All lines from the one bearing "Women's Sponge Ballet" through the end of the data below must be printed exactly as they stand, with pictures removed.

Records contained in a dataset
=== Begin Enclosure ===

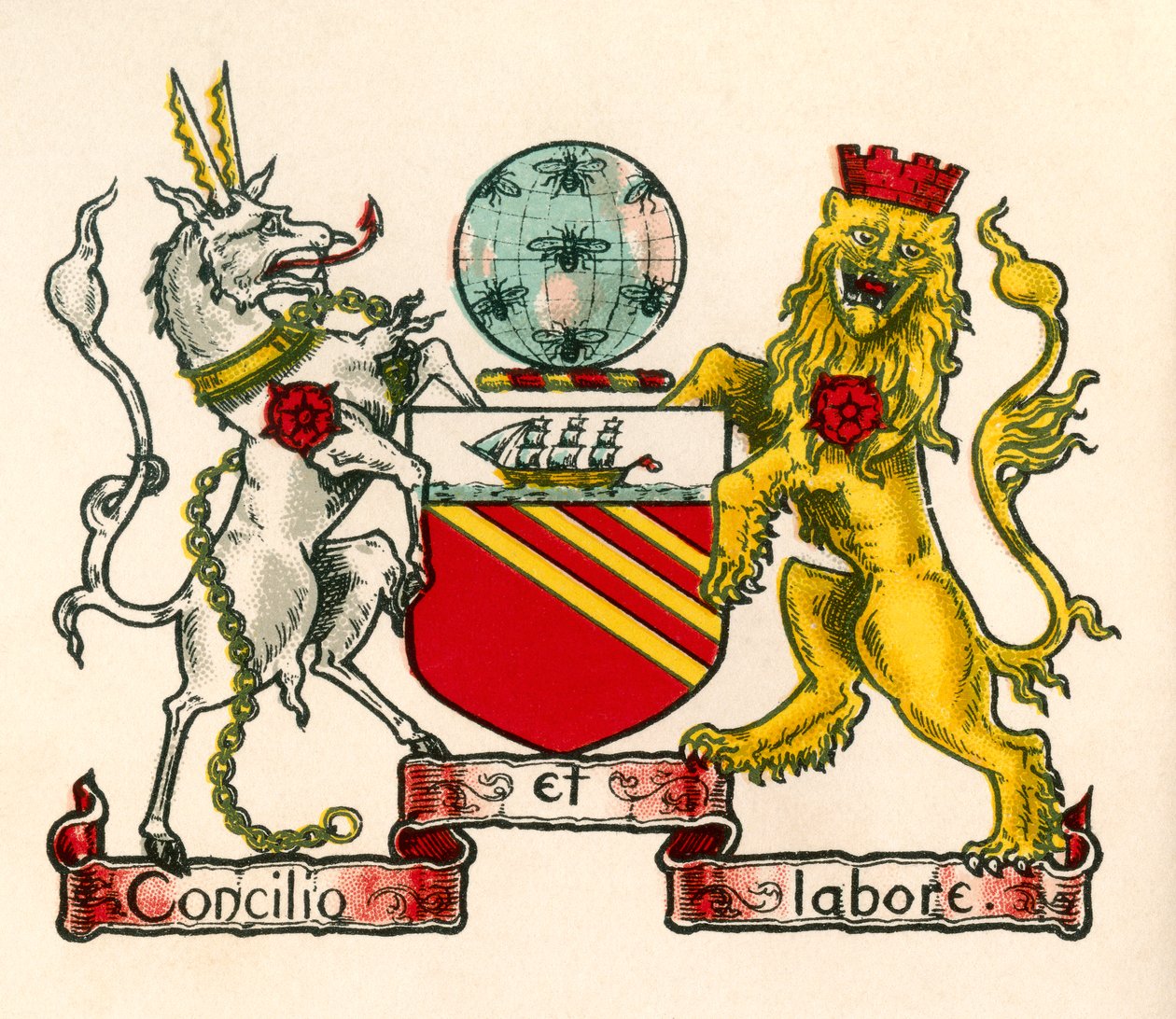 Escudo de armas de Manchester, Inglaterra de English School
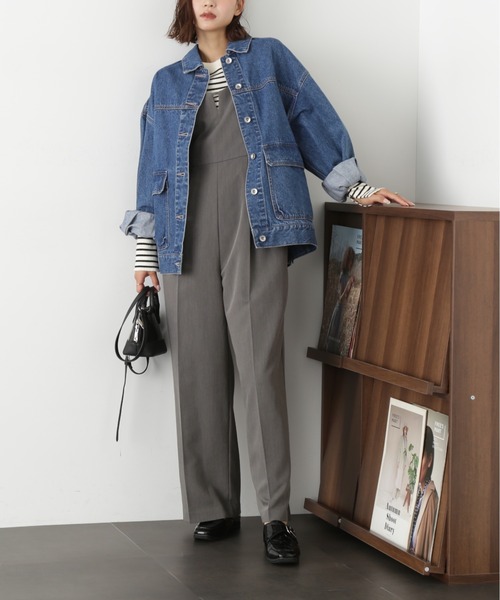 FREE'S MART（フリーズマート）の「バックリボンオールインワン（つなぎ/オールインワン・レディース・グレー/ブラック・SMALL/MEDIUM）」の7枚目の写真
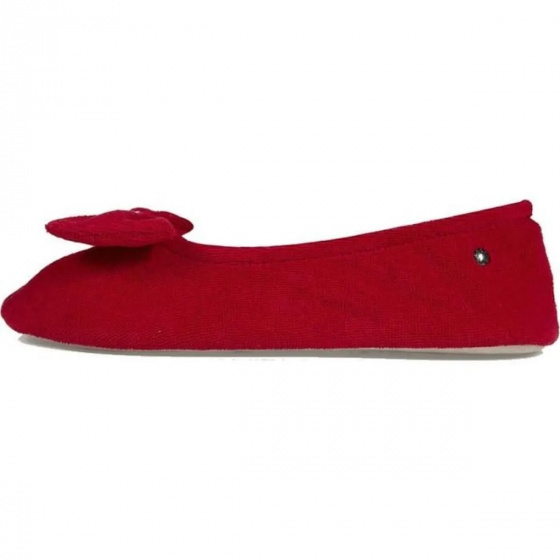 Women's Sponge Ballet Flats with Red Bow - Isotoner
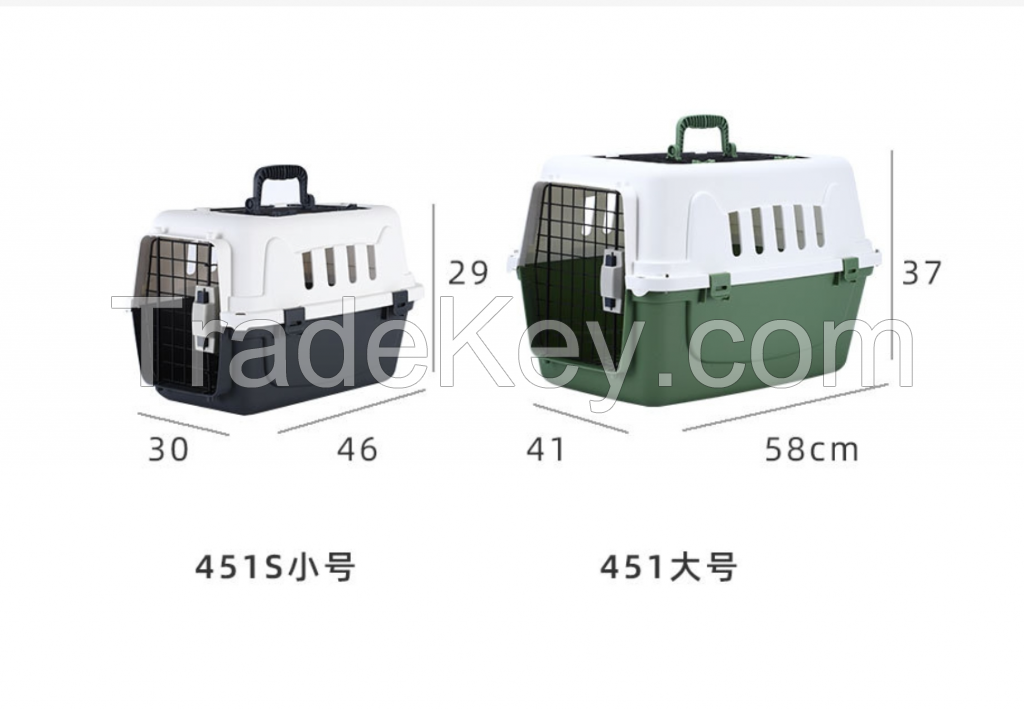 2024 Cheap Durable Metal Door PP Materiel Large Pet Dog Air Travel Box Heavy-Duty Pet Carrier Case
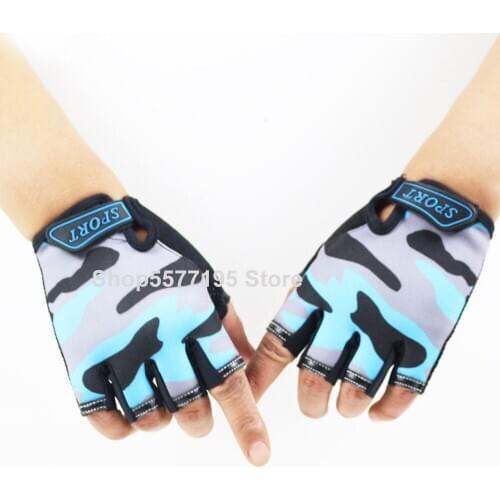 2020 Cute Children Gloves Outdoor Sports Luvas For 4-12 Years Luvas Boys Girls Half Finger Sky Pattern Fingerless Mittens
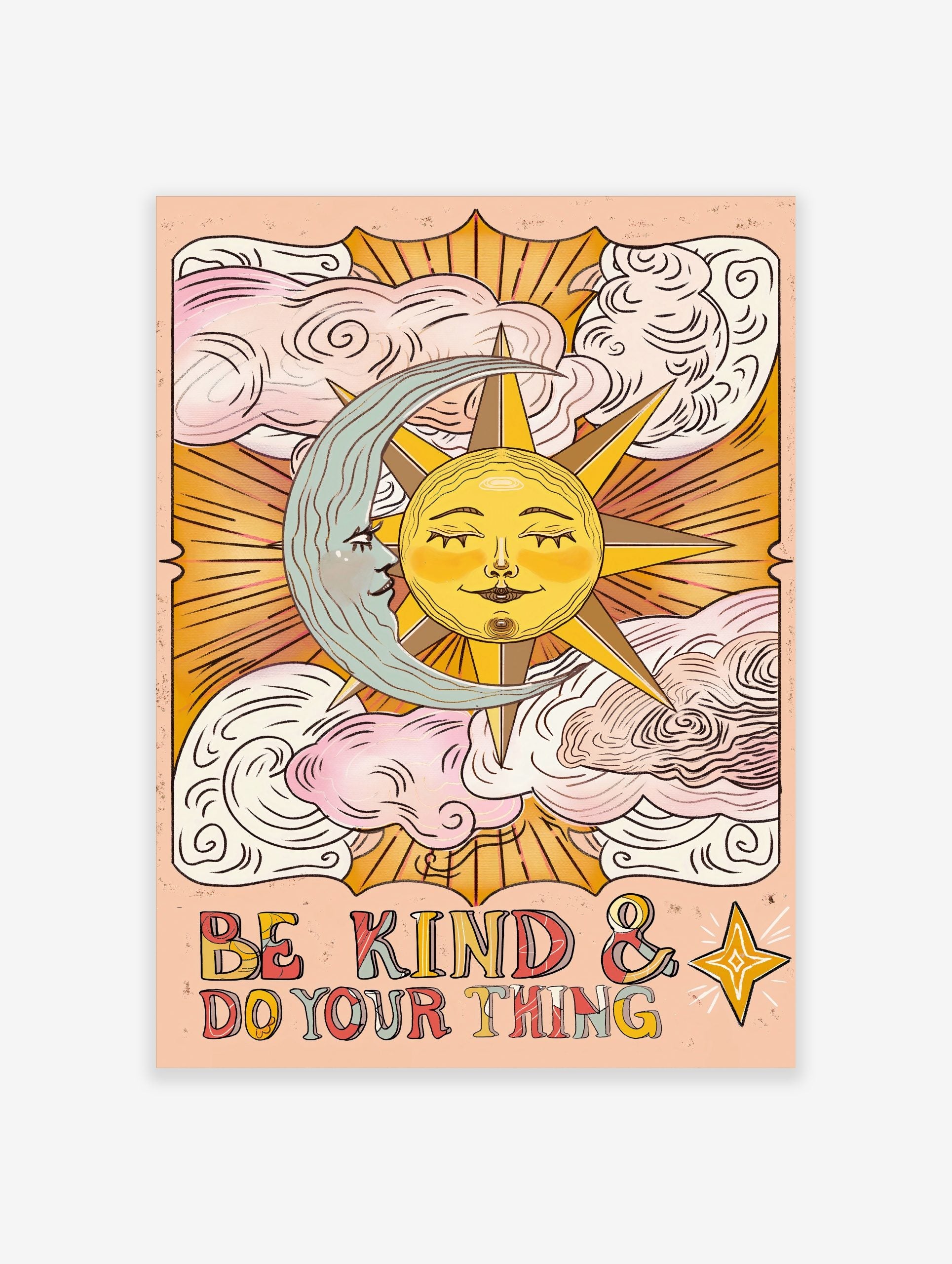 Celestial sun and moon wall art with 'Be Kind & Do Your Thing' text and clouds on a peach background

=== End Enclosure ===

**EXPECTED OUTPUT**
 Women's Sponge Ballet Flats with Red Bow - Isotoner
 2024 Cheap Durable Metal Door PP Materiel Large Pet Dog Air Travel Box Heavy-Duty Pet Carrier Case
 2020 Cute Children Gloves Outdoor Sports Luvas For 4-12 Years Luvas Boys Girls Half Finger Sky Pattern Fingerless Mittens
 Celestial sun and moon wall art with 'Be Kind & Do Your Thing' text and clouds on a peach background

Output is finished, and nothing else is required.